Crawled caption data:
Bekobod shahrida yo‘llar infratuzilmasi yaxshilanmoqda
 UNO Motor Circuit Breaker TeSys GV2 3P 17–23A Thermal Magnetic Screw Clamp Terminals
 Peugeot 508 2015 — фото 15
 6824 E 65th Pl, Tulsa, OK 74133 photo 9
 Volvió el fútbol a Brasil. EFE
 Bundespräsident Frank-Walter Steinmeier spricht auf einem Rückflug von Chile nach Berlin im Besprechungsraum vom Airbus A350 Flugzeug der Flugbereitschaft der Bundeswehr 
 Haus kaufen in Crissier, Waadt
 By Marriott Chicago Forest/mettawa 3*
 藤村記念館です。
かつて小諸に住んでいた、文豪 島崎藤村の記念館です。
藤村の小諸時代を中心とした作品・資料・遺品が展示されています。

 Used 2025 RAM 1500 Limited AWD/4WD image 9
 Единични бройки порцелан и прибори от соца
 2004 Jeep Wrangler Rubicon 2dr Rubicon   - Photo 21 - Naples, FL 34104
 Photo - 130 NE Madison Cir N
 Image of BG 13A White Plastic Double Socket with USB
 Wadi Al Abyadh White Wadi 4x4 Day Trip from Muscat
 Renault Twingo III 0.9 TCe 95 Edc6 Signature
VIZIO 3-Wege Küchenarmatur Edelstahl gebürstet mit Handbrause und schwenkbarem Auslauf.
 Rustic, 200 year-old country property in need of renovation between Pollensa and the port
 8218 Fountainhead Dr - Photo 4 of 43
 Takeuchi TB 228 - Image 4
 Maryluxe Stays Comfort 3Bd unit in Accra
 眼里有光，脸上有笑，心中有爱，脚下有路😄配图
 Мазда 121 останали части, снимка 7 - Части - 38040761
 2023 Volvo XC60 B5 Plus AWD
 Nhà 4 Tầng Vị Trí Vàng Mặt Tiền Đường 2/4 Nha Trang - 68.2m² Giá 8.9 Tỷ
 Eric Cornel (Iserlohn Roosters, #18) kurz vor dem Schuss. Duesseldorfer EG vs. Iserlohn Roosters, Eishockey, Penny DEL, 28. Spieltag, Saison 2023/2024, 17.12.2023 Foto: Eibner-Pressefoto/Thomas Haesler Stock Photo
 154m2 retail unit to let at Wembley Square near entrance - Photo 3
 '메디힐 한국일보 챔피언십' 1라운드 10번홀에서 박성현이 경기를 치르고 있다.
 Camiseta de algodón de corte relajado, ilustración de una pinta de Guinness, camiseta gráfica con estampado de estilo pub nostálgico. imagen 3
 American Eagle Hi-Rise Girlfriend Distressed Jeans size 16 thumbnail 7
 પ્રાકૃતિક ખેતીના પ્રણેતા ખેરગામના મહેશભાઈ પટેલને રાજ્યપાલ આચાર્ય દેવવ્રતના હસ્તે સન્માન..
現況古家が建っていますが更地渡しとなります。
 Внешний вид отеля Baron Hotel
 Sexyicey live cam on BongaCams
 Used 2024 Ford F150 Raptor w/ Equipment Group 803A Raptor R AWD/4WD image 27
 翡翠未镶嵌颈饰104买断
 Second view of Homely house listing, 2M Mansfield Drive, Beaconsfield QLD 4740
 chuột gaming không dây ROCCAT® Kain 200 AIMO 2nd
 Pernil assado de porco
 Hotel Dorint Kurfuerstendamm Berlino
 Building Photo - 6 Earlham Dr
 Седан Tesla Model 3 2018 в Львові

Exercise brief
Your answer should be the lines from the one containing "Wadi Al Abyadh" to the end of the entries above, restated exactly and alone.

Exercise answer
 Wadi Al Abyadh White Wadi 4x4 Day Trip from Muscat
 Renault Twingo III 0.9 TCe 95 Edc6 Signature
VIZIO 3-Wege Küchenarmatur Edelstahl gebürstet mit Handbrause und schwenkbarem Auslauf.
 Rustic, 200 year-old country property in need of renovation between Pollensa and the port
 8218 Fountainhead Dr - Photo 4 of 43
 Takeuchi TB 228 - Image 4
 Maryluxe Stays Comfort 3Bd unit in Accra
 眼里有光，脸上有笑，心中有爱，脚下有路😄配图
 Мазда 121 останали части, снимка 7 - Части - 38040761
 2023 Volvo XC60 B5 Plus AWD
 Nhà 4 Tầng Vị Trí Vàng Mặt Tiền Đường 2/4 Nha Trang - 68.2m² Giá 8.9 Tỷ
 Eric Cornel (Iserlohn Roosters, #18) kurz vor dem Schuss. Duesseldorfer EG vs. Iserlohn Roosters, Eishockey, Penny DEL, 28. Spieltag, Saison 2023/2024, 17.12.2023 Foto: Eibner-Pressefoto/Thomas Haesler Stock Photo
 154m2 retail unit to let at Wembley Square near entrance - Photo 3
 '메디힐 한국일보 챔피언십' 1라운드 10번홀에서 박성현이 경기를 치르고 있다.
 Camiseta de algodón de corte relajado, ilustración de una pinta de Guinness, camiseta gráfica con estampado de estilo pub nostálgico. imagen 3
 American Eagle Hi-Rise Girlfriend Distressed Jeans size 16 thumbnail 7
 પ્રાકૃતિક ખેતીના પ્રણેતા ખેરગામના મહેશભાઈ પટેલને રાજ્યપાલ આચાર્ય દેવવ્રતના હસ્તે સન્માન..
現況古家が建っていますが更地渡しとなります。
 Внешний вид отеля Baron Hotel
 Sexyicey live cam on BongaCams
 Used 2024 Ford F150 Raptor w/ Equipment Group 803A Raptor R AWD/4WD image 27
 翡翠未镶嵌颈饰104买断
 Second view of Homely house listing, 2M Mansfield Drive, Beaconsfield QLD 4740
 chuột gaming không dây ROCCAT® Kain 200 AIMO 2nd
 Pernil assado de porco
 Hotel Dorint Kurfuerstendamm Berlino
 Building Photo - 6 Earlham Dr
 Седан Tesla Model 3 2018 в Львові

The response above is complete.